Berdasarkan data Bloomberg, pada perdagangan Kamis (16/5/2019) pukul 14.55 WIB, harga bijih besi untuk kontrak teraktif di bursa Singapura melanjutkan reli penguatannya, dengan menguat 2,46% menjadi US$94,61 per ton. Secara year to date menguat 38,15%.
Sementara itu, harga bijih besi di bursa Dalian menguat 3,31% menjadi 671 yuan per ton, telah melonjak sebesar 40,24% sepanjang tahun berjalan. Harga bijih besi tetap bergerak menguat meski mayoritas komoditas lain tertekan akibat kekhawatiran pasar terkait dengan perang perdagangan AS dan China akan membebani permintaan.

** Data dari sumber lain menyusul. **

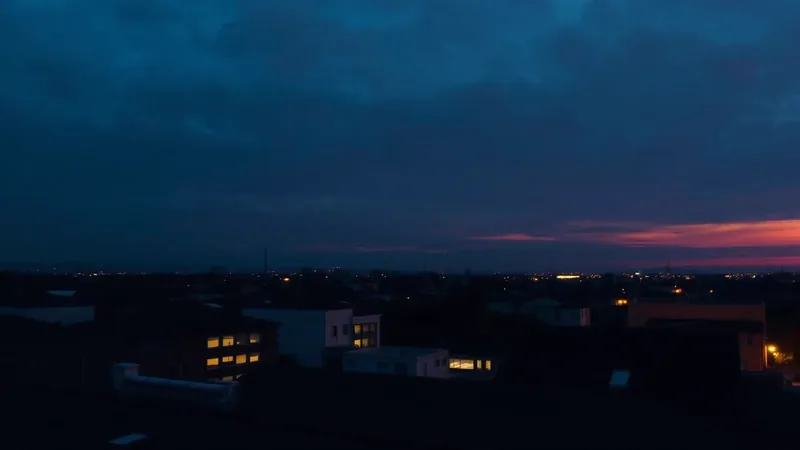 Dark rooftop skyline at dusk with subtle glowing data lines representing AI search visibility for roofing companies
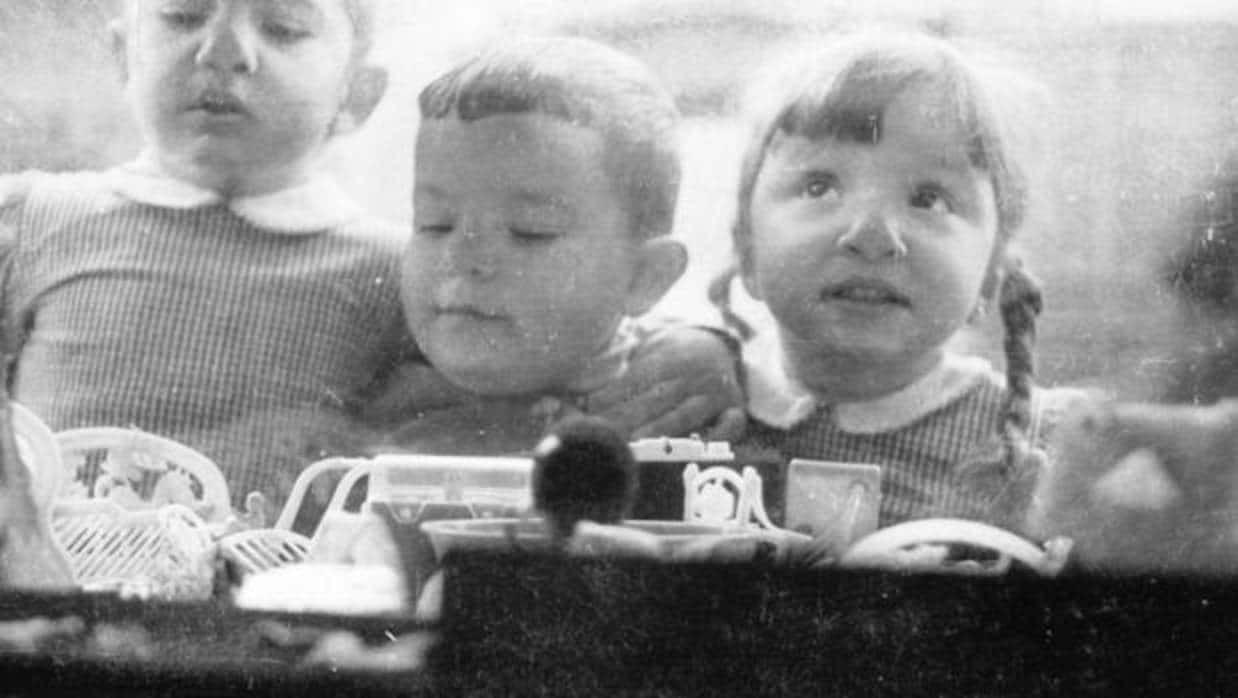 Tres niños contemplan con entusiasmo el escaparate de una juguetería de Sevilla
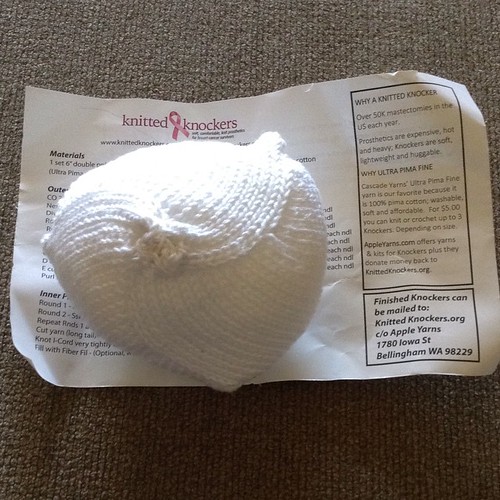 A knitted knocker as part of attending the Northern CA Knitting Retreat. This is a soft prosthesis for a woman healing after a mastectomy. Praying for whoever gets it.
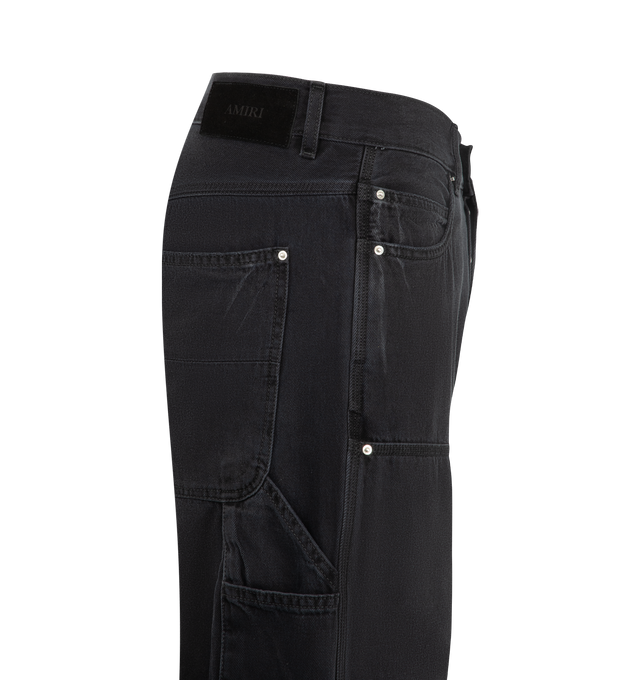 Image 3 of 4 - BLACK - Amiri Mens Lightweight Cotton Carpenter Jeans are crafted from cotton denim with lived-in washed and riveted front patches. Features a classic five-pocket construction, front patch panels, carpenter hammer loop, and zip-fly with button closure. Main Material: 100% Cotton. Made in Italy.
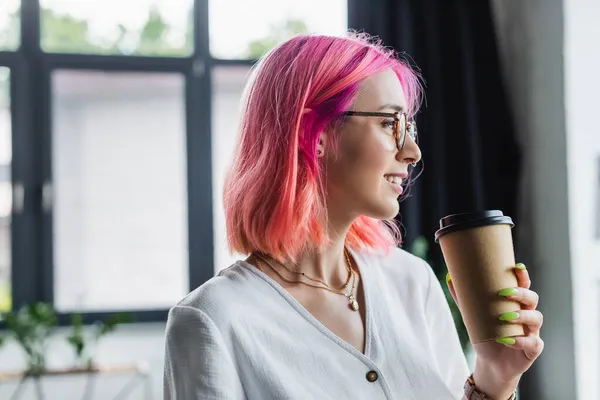 Visão lateral de empresária perfurada com cabelo rosa segurando copo de papel e sorrindo no escritório — Fotografia de Stock
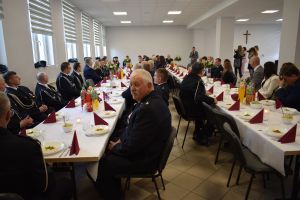 Spora grupa osób siedząca za zastawionymi stołami w przestronnej sali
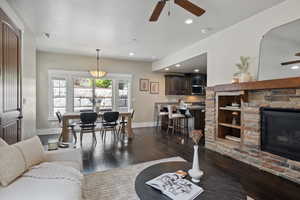 Living room with ceiling fan, dark wood-style floors, baseboards, recessed lighting, and a fireplace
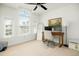 Bright home office with natural light, desk setup, two computer monitors, and a ceiling fan at 68 Oyster Point Row, Charleston, SC 29412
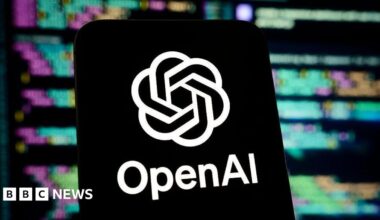 OpenAI logo on a smartphone screen, against a backdrop showing blurred lines of code.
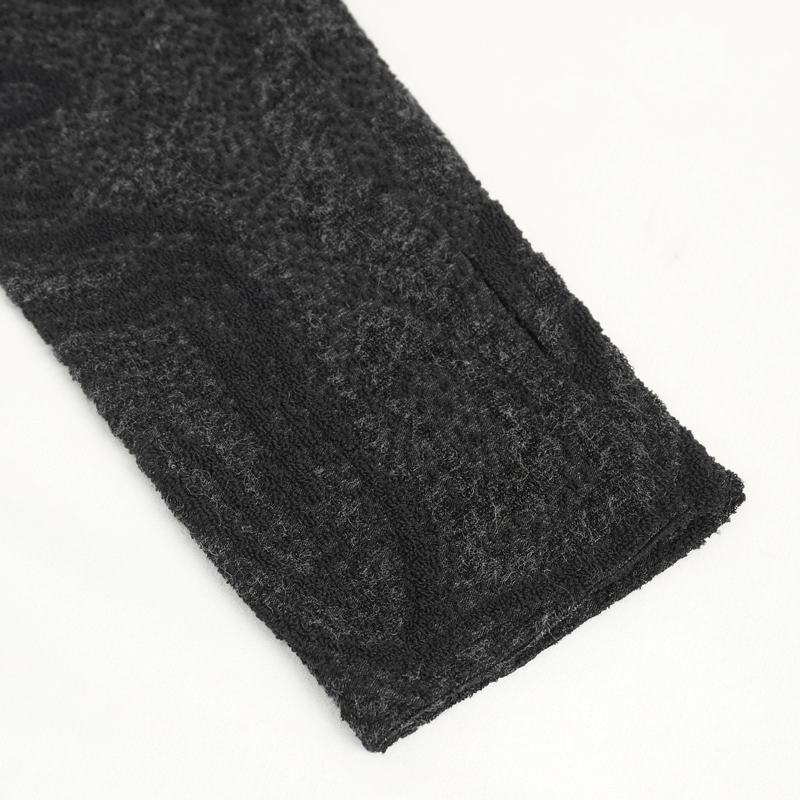 Close-up of the sleeve of a male gothic irregular hooded coat, showcasing its textured black fabric.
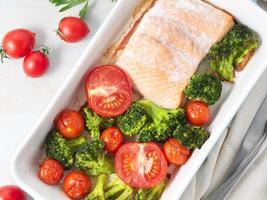 Fish salmon baked in oven with vegetables, broccoli. Healthy diet food, white marble backdrop, top view, close-up photo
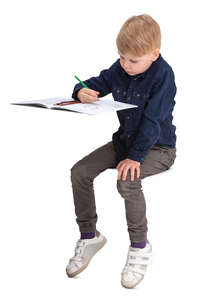 boy sitting behind the desk and drawing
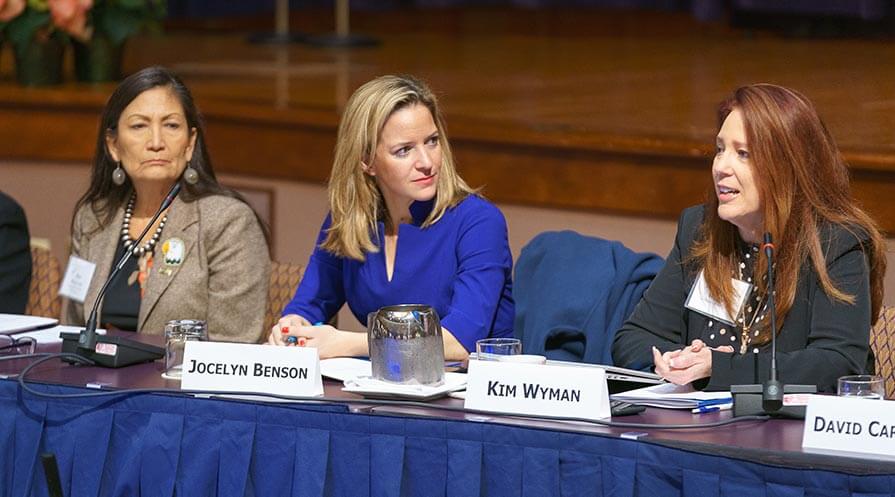 Kim Wyman, secretary of state in Washington, addresses the conference as Deb Haaland, one of the first two Native American women elected to the U.S. Congress, and Jocelyn Benson, secretary of state in Michigan, listen.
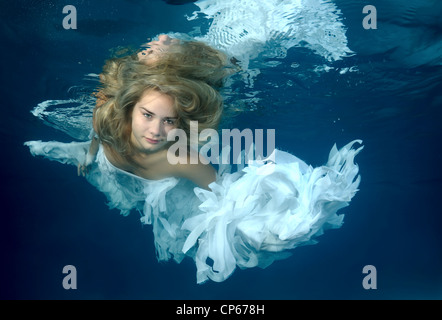 Eine junge Frau mit großen Haar posiert in einem Pool unter Wasser Stockfoto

Analis Huatai Futures Co Sarah Zhao mengatakan bahwa bijih besi telah melakukan reli yang cukup kuat sepanjang 2019 karena gangguan pasokan di Brazil dan Australia, sebagai negara pengirim bijih besi utama.
Gangguan pasokan dari kedua negara tersebut mendukung ekspetasi pasar bahwa bijih besi global akan mengalami defisit pasokan. Namun pada saat yang sama, pabrik China justru mengalami tren produksi baja dalam jumlah yang besar.
"Karena pengiriman dari Brazil jatuh di tengah pengeluaran pabrik yang stabil, berjangka bijih besi tetap bergerak naik. Investor harus memperhatikan setiap penurunan harga dan kemudian membeli ke dalam kontrak" ujar Sarah seperti dikutip dari Bloomberg, Kamis (16/5/2019).
Baca Juga
Berdasarkan riset First NZ Capital Securities, harga bijih besi akan memuncak hingga US$110 per ton pada kuartal berikutnya. Hal tersebut akan terjadi ketika stok pelabuhan China akan mulai kehabisan persediaan yang tersedia.